Interviewing current customers can be a great way to gain insights into how specific customer segments use the product. It’s a good idea to interview high-value customers or those from crucial customer segments. DealHub, for example, would interview a long-term B2B SaaS customer, since that customer segment is a huge revenue driver for us.
Product Analytics Tools
There are lots of different tools a company might use to gather product intelligence. Most organization use sophisticated tools like Mixpanel or Amplitude. Depending on the type of product and data they’re looking for, companies might use a combination of different product analytics tools.
A lot of companies use social listening tools to capture and centralize users’ opinions and experiences with their product. These reviews typically come from third-party sites like G2 Crowd and Capterra. These reviews tend to be the most candid, so they often provide highly useful insights.

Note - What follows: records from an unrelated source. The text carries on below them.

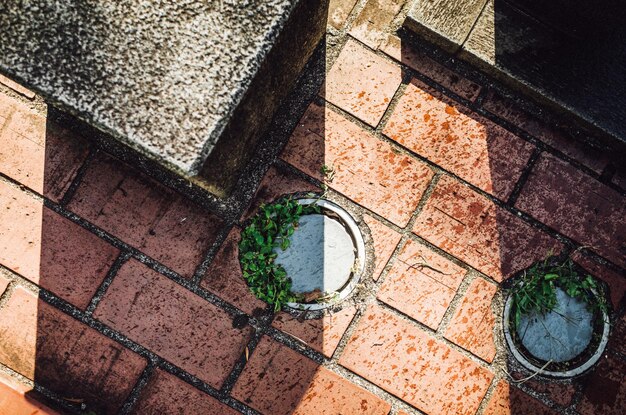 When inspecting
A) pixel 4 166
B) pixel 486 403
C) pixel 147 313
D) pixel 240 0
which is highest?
pixel 240 0

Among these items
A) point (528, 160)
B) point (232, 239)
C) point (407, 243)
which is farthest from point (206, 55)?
point (528, 160)

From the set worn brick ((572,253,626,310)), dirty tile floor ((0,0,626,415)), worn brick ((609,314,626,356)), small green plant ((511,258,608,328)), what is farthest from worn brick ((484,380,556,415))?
worn brick ((572,253,626,310))

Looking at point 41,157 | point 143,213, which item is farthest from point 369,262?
point 41,157

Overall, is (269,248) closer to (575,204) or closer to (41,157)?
(41,157)

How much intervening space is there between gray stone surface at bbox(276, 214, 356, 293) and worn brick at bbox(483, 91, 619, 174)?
2.93ft

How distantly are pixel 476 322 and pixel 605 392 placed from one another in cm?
66

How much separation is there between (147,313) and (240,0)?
53.1 inches

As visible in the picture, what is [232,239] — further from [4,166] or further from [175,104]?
[4,166]

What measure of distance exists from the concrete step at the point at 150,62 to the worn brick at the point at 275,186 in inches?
27.9

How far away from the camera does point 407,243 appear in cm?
197

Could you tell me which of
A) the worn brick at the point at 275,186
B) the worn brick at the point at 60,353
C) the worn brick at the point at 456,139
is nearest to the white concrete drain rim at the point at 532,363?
the worn brick at the point at 456,139

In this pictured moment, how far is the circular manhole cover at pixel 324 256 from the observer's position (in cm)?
193

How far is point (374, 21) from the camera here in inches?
78.0

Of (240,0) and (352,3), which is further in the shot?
(352,3) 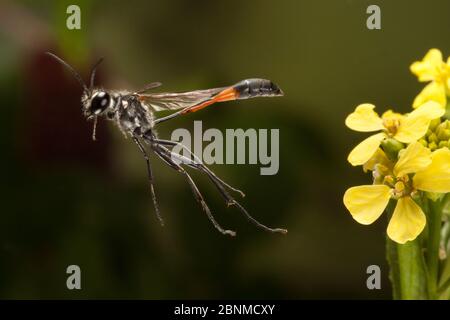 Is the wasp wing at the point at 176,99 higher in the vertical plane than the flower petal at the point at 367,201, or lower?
higher

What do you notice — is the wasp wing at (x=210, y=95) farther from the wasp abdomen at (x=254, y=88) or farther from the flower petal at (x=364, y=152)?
the flower petal at (x=364, y=152)

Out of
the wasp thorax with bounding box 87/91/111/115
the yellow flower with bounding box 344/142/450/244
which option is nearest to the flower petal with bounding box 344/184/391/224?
the yellow flower with bounding box 344/142/450/244

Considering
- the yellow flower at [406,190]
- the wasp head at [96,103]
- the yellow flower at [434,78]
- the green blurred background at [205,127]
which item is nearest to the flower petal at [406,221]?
the yellow flower at [406,190]

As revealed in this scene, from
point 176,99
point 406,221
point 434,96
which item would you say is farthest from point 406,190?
point 176,99

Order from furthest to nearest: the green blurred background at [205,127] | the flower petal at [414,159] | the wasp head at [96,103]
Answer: the green blurred background at [205,127] → the wasp head at [96,103] → the flower petal at [414,159]

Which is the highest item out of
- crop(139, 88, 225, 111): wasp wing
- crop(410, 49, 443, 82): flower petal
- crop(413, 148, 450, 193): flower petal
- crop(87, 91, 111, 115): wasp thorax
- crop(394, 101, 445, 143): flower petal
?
crop(410, 49, 443, 82): flower petal

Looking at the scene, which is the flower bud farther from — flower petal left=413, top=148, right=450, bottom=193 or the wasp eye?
the wasp eye

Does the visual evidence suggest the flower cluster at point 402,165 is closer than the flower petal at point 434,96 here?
Yes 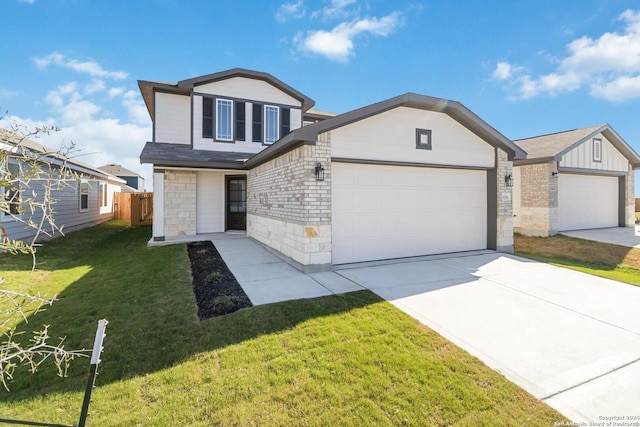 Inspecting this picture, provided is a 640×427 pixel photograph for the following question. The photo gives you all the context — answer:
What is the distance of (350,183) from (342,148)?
2.94 feet

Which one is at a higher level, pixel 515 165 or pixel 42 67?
pixel 42 67

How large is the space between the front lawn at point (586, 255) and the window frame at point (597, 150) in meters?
4.92

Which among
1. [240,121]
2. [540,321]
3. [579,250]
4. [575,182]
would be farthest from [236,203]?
[575,182]

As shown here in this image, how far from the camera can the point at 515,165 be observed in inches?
552

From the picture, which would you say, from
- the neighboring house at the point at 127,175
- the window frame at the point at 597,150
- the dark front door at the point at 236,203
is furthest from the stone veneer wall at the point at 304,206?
the neighboring house at the point at 127,175

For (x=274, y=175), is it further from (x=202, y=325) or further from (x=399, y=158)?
(x=202, y=325)

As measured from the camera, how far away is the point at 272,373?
3.28 m

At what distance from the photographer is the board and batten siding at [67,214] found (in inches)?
394

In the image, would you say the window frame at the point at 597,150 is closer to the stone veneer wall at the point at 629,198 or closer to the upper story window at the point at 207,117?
the stone veneer wall at the point at 629,198

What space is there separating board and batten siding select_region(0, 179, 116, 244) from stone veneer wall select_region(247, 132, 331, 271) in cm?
581

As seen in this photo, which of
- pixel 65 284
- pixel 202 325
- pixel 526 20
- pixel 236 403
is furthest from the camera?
pixel 526 20

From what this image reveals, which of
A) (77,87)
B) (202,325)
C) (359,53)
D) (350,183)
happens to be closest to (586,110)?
(359,53)

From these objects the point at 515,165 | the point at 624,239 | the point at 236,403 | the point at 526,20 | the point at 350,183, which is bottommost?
the point at 236,403

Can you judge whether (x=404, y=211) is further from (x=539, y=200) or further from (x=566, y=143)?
(x=566, y=143) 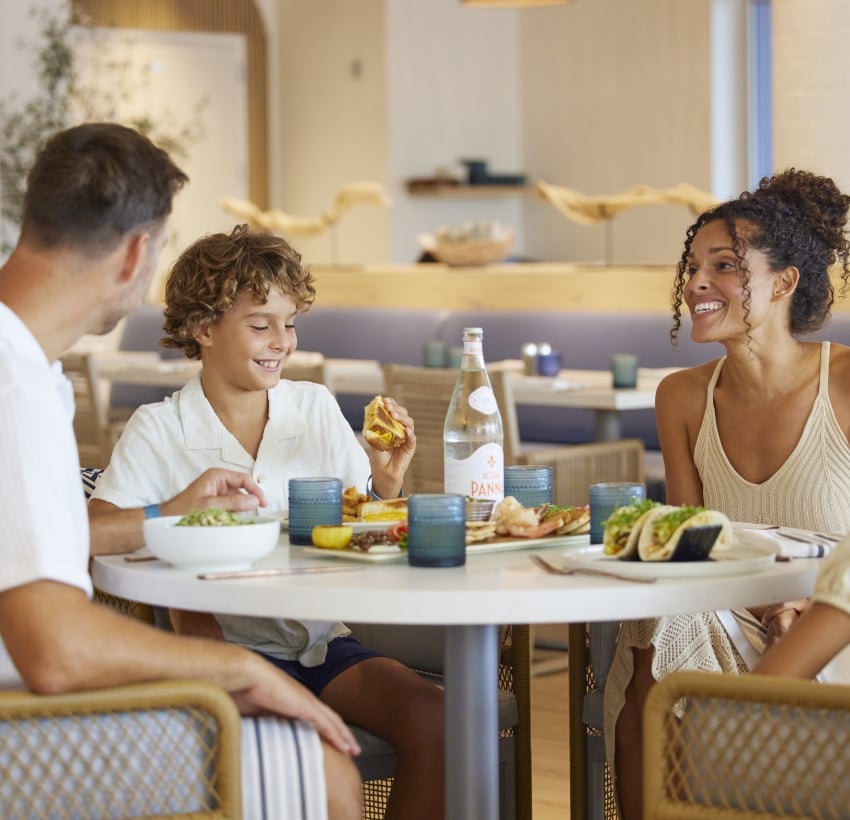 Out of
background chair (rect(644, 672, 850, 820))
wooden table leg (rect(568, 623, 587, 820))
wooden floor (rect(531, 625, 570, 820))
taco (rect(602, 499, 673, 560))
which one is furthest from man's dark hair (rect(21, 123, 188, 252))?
wooden floor (rect(531, 625, 570, 820))

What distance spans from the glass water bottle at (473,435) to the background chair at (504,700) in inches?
10.1

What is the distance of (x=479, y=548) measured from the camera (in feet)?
6.78

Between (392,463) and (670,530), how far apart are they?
2.34 feet

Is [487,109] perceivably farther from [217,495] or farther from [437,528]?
[437,528]

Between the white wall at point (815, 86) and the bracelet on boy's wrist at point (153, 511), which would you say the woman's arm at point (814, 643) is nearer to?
the bracelet on boy's wrist at point (153, 511)

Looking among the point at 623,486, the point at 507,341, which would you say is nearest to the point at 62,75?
the point at 507,341

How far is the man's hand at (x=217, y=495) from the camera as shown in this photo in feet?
6.94

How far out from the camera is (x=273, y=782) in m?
1.83

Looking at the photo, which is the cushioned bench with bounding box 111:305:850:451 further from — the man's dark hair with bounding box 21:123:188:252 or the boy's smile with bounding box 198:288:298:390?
the man's dark hair with bounding box 21:123:188:252

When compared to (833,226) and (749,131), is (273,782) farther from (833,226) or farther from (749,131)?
(749,131)

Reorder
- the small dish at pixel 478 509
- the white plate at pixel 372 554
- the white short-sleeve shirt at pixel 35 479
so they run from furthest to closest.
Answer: the small dish at pixel 478 509
the white plate at pixel 372 554
the white short-sleeve shirt at pixel 35 479

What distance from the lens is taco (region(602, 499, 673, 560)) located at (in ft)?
6.43

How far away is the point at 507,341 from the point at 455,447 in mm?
4649

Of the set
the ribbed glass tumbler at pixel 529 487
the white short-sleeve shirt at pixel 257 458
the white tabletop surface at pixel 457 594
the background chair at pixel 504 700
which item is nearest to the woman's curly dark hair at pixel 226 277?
the white short-sleeve shirt at pixel 257 458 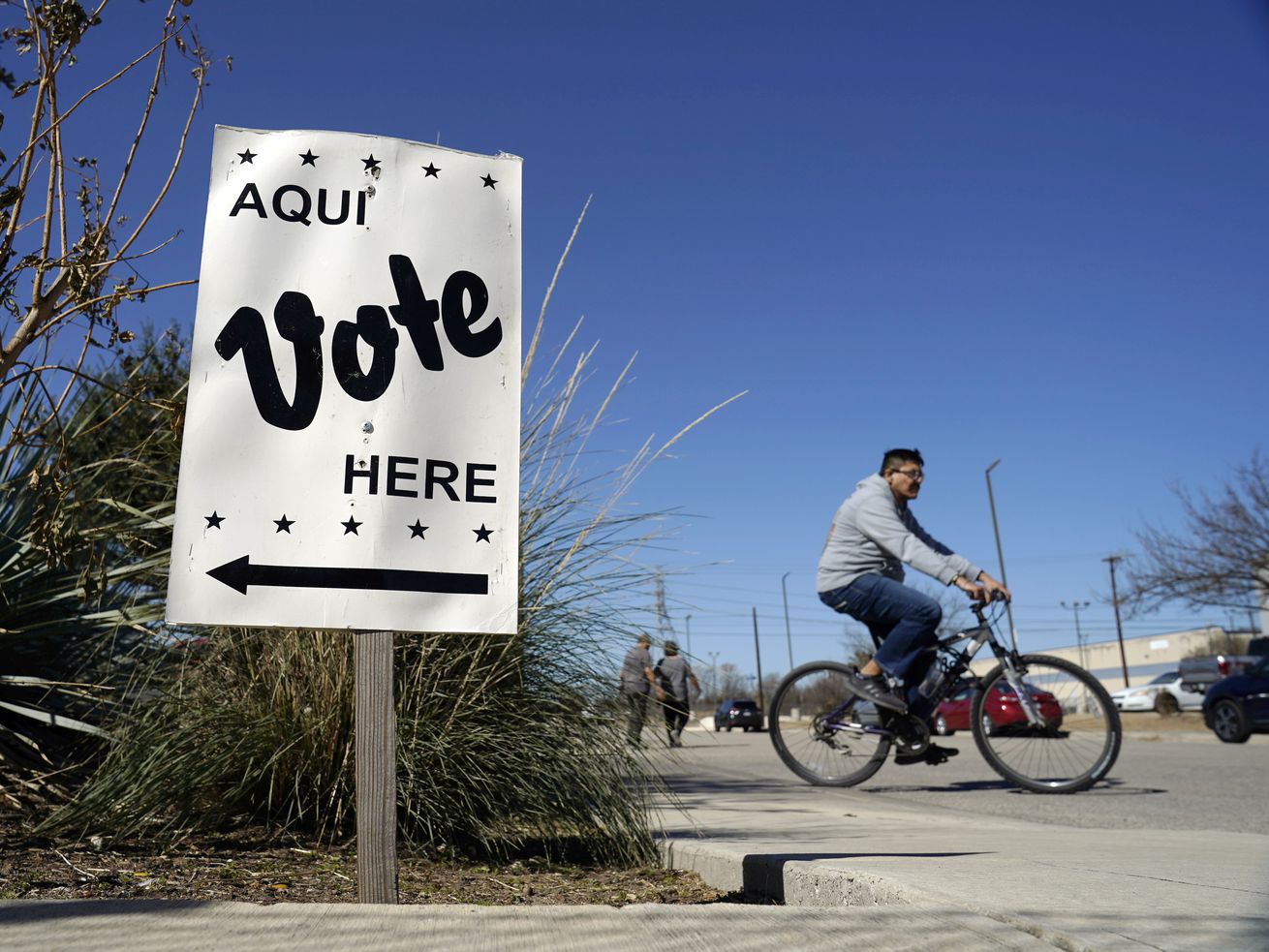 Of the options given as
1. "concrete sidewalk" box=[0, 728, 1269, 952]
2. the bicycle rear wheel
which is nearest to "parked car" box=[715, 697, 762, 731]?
the bicycle rear wheel

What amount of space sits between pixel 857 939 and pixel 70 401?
4.76 m

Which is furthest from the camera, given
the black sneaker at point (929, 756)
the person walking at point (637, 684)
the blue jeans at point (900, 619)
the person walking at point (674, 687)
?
the black sneaker at point (929, 756)

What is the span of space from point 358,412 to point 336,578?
38 cm

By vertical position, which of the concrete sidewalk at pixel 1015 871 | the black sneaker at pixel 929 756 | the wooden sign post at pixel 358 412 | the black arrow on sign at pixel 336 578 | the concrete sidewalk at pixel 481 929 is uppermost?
the wooden sign post at pixel 358 412

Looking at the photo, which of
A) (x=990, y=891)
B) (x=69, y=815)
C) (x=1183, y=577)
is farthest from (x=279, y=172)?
(x=1183, y=577)

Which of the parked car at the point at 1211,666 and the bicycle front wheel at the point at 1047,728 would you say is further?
the parked car at the point at 1211,666

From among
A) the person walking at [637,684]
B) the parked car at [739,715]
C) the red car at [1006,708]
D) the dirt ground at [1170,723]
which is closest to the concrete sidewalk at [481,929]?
the person walking at [637,684]

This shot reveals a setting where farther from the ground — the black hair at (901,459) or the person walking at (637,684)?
the black hair at (901,459)

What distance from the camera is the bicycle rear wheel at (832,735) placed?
624cm

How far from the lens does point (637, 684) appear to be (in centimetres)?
386

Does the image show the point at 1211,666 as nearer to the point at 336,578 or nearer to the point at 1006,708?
the point at 1006,708

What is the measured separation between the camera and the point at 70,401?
5246 millimetres

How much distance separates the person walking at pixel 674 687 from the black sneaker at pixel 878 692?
5.81 ft

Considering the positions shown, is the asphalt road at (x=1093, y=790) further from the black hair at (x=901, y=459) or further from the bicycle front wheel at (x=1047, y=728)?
the black hair at (x=901, y=459) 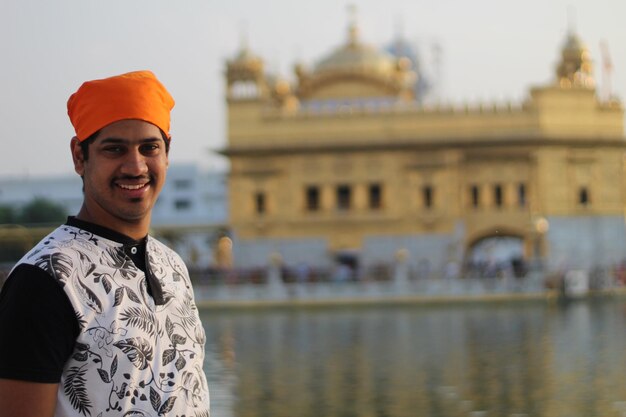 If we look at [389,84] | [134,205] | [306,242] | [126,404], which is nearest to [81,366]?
[126,404]

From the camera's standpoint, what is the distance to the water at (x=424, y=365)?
11.5 meters

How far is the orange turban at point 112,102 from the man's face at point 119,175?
0.10ft

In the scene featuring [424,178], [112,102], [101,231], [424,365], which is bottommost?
[424,365]

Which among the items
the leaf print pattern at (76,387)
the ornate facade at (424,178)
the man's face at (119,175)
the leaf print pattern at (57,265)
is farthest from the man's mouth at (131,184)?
the ornate facade at (424,178)

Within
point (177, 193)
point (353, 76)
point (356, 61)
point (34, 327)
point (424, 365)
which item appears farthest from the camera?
point (177, 193)

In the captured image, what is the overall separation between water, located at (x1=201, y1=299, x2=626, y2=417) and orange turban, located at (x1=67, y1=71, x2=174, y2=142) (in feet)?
26.7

Types of Product Intelligence Tools
Really, companies gather product intelligence from all the activities related to their product. The most important part is what businesses do with this data — turning it into actionable insights that help them make decisions about their product.
There are several tools a company uses to capture valuable information about their product, how it’s used, and whether it’s been successful:
- Product analytics platforms
- Helpdesk and AI chatbot software
- Survey and feedback tools
- Social listening platforms
- A/B testing and heatmap tools
- Customer data platforms (CDPs)
- Databases and data warehouses
Each of these tools is specifically designed to capture and help analyze product intelligence data. Companies have to integrate them to gain a more holistic view of their product’s performance.
People Also Ask
What is the role of product intelligence?
The main goal of product intelligence is to inform product development decisions. It’s used to understand customer needs and wants, what features they’re using and not using, and how the product fits into their lives. Product intelligence helps teams make data-driven decisions about feature development, pricing strategies, and UX design.
What is an example of product intelligence?
Suppose a company typically takes one month to onboard its new customers. After making the process more interactive and simplifying the product, a reduction in time to first value would indicate that customers are finding the product easier to use.
After rolling out product updates, they look at onboarding milestones and product usage data. This is an example of product intelligence — if onboarding times decrease over the course of a few months, the company knows its updates were impactful. If not, their changes were unsuccessful.